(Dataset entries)
*** Block opens ***

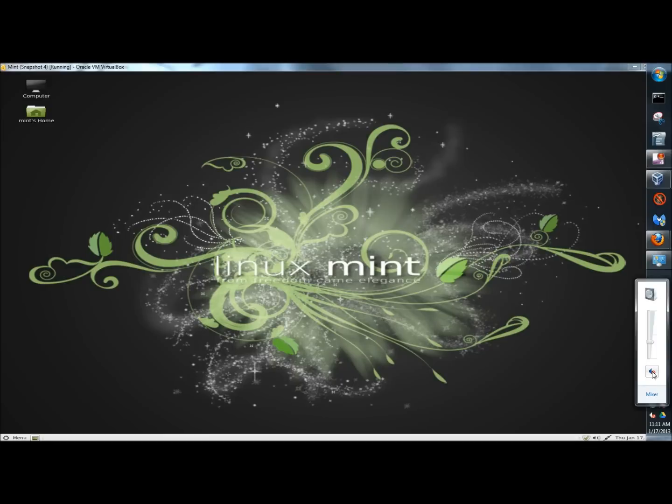Hello, in this video I'm going to show you how to install the Ubuntu Software Center in Linux Mint. I've had a couple of viewers contact me and ask if it was possible.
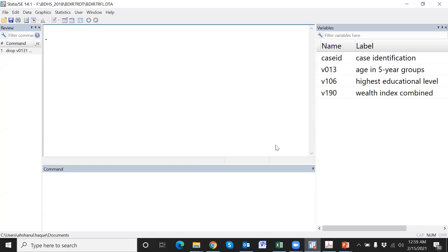Suppose there are three categorical variables in this dataset. This is an example dataset from the DHS dataset, taken from the DHS website. The first variable is age group, the second is highest education, and the third is wealth index.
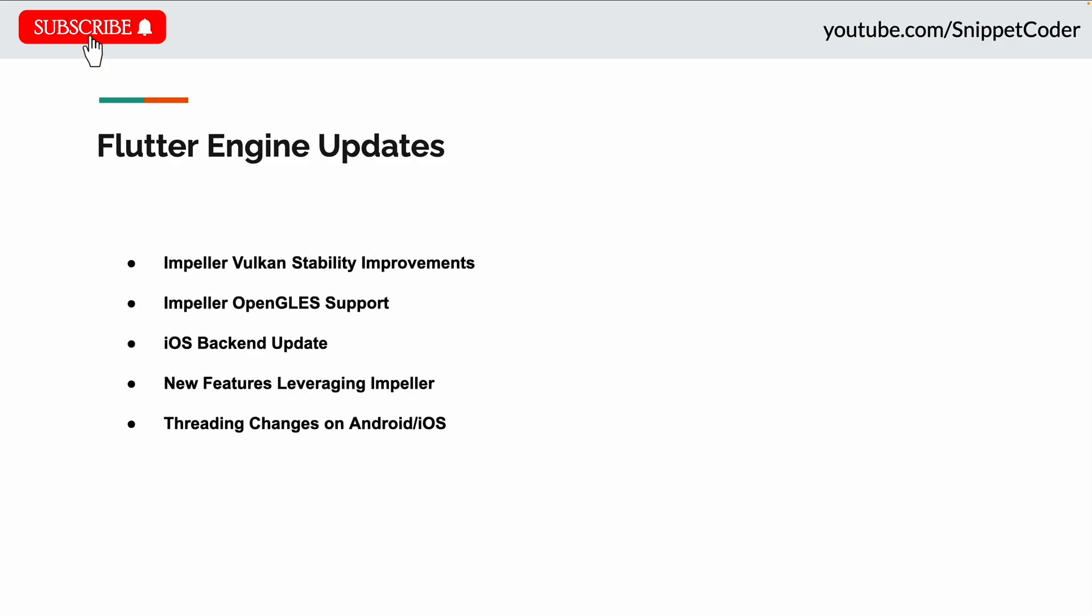Next we have Flutter engine updates. First is Impeller Vulkan improvements. Based on Flutter 3.27 beta releases, the fixes resolve flickering and visual jitter on older Vulkan-capable devices. They've disabled Android hardware buffer swap chains behind a feature flag and addressed black screens and crashes on MediaTek and PowerVR devices by disabling Vulkan. In the Android emulator, they now use Impeller's GLES backend for increased stability.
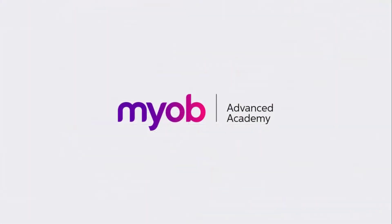And that's the end of our look at receiving purchases. If you want to learn more, visit the MYOB Advanced Education Centre or see the other videos in our Advanced Academy series for more information on the purchasing process. Thanks for watching.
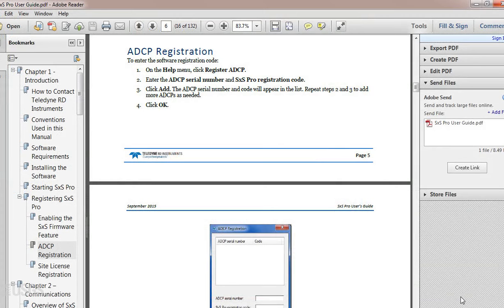Additional information on the process of enabling an ADCP for data collection can be found in the TRDI Section by Section Pro Software User Guide.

*** Block closes ***

▶ _Your goal_: Retype the lines from the one containing "And that's the" down to the last line of the records, both included, exactly and nothing more. Pictures stay out.

▶ _Result of the exercise_:
And that's the end of our look at receiving purchases. If you want to learn more, visit the MYOB Advanced Education Centre or see the other videos in our Advanced Academy series for more information on the purchasing process. Thanks for watching.
Additional information on the process of enabling an ADCP for data collection can be found in the TRDI Section by Section Pro Software User Guide.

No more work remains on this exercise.